After some time, people stopped coming altogether, and the effort was abandoned. It was a great relief. Now their parents resigned themselves to the gradual acquaintanceships of neighbours, connections that grew as slowly as quartz on the nourishment of occasional encounters. There were the Cadburys at one side and the Raleighs on the other; they hardly spoke to either, but by the middle of the summer, two of the Raleigh girls had absorbed Theresa into their circle of play. The stories she told of their adventures were Martin’s main connection to the world outside. The summer, however bright, however fragrant, was compressed for him into long afternoons of reading or rearranging his belongings. Their father had long since located a shop in town, but he discouraged Martin from coming there, and Martin had only once seen the grey interior of the store, bereft of browsers and certainly of buyers: his father didn’t want him to see what appeared to be impending failure. Later, Martin began to take solitary walks over the bridges and through the streets, and although this was not Dublin, some of Galway’s charms did gradually give themselves over: now the shop windows began to seem a little less dusty and prim — Thomas McDonogh & Sons always had a vibrant display of cheeses and fruits in pyramids, as well as an assortment of model trains half out of their cardboard boxes. Again, the peaceful silence of things began to come back to him and comfort him. They had their mute order, their grace and vitality. These thoughts, with their power to make him happy, became his main solace as the lonely summer went on. His parents, though, however they tried, could not disguise their unhappiness. His mother sometimes smiled at him, trying to hide an expression he’d just catch a flicker of. And once, he heard his father in the kitchen say,
What have I done?
and when he’d quietly entered the room, he’d found his father alone there.

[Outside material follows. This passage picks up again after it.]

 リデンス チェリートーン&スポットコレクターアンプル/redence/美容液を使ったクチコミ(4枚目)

They carried on as best they could. In the evenings, they all took their supper with the windows open, or sometimes even outside, their china in their laps, since they had no outdoor table. There was the occasional play in town, or visit to the movies, but although the feeling of real life had returned in their rituals, the centre of things felt hollow. Galway pushed them away. It was as if they skimmed along the surface of their new reality, like waterstriders on a pond.

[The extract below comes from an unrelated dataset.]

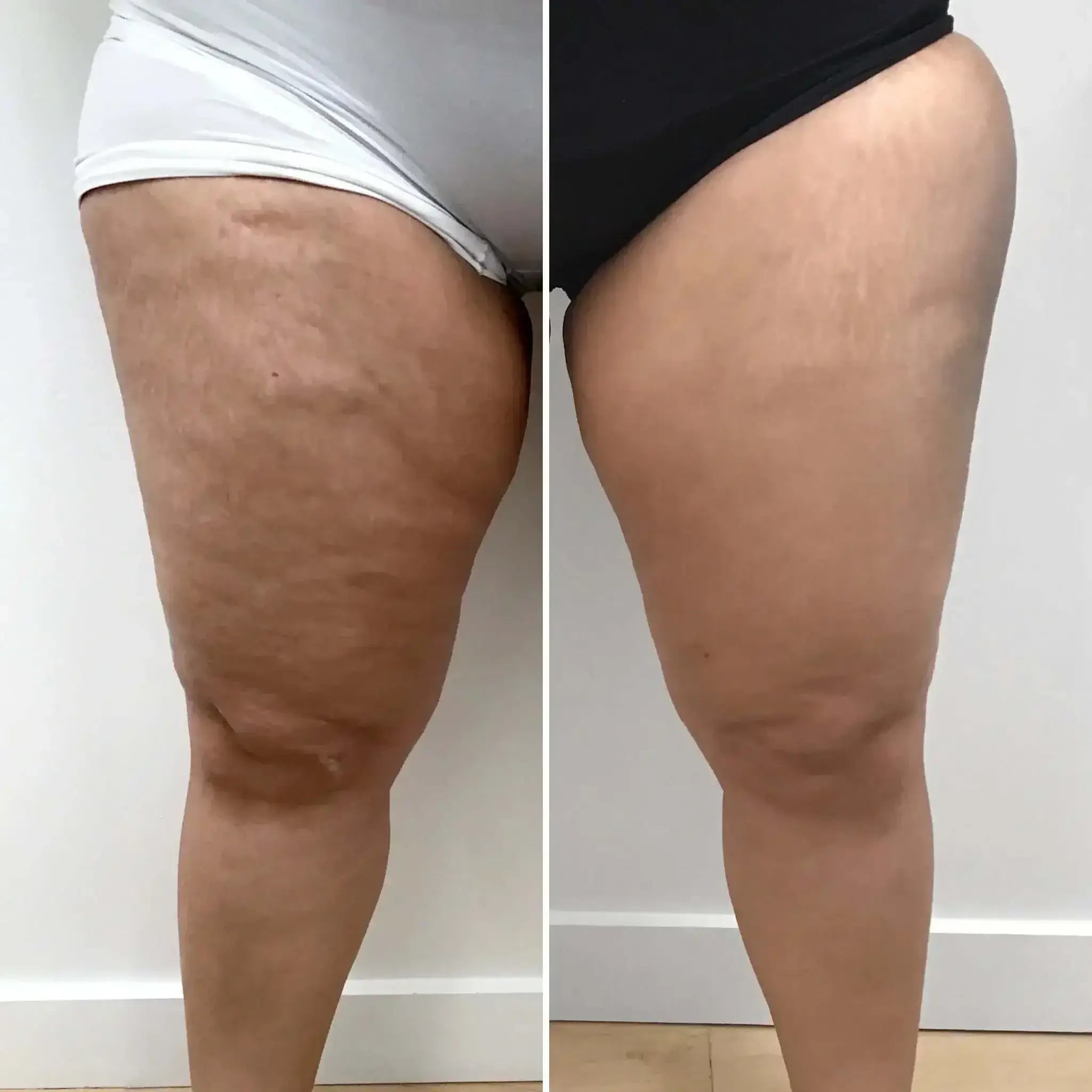 ThighFix CelluliteFix Venus before and after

Finally August came, and at the end of it, it was time to go to school. Martin and Theresa walked together in the mornings behind the nunnery and the stream full of grassy islands. The banks, in early morning, were always occupied by two or three old men with their fishing poles and bowls of maggots, hoping to attract one or two of the salmon that made it past the weir at Newcastle Road Bridge. Beaky old men hauling beaky salmon out of the glistening waters. Then to the public school, to the left and up the hill.

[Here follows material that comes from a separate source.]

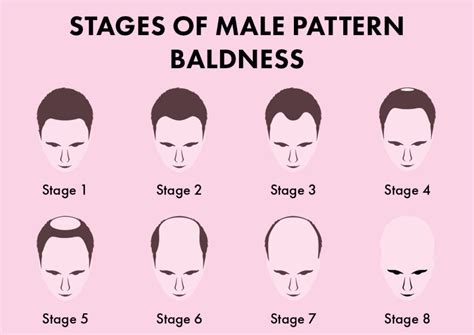 Male Pattern Baldness: Causes, Prevention & The Best Treatments | Blog ...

Martin recognized some of his fellow students in his form — the city was small enough that even two encounters with someone was enough to make them seem familiar. The Raleighs were here, and there was a girl who probably lived around the corner from him, he’d seen her so often. There were others — a grey-faced boy he’d seen once when he’d been taken to buy shoes; a couple of girls memorable for their tallness; a Chinese boy who was the only such child he’d ever laid eyes on, whose teeth tapered out from blackened stems.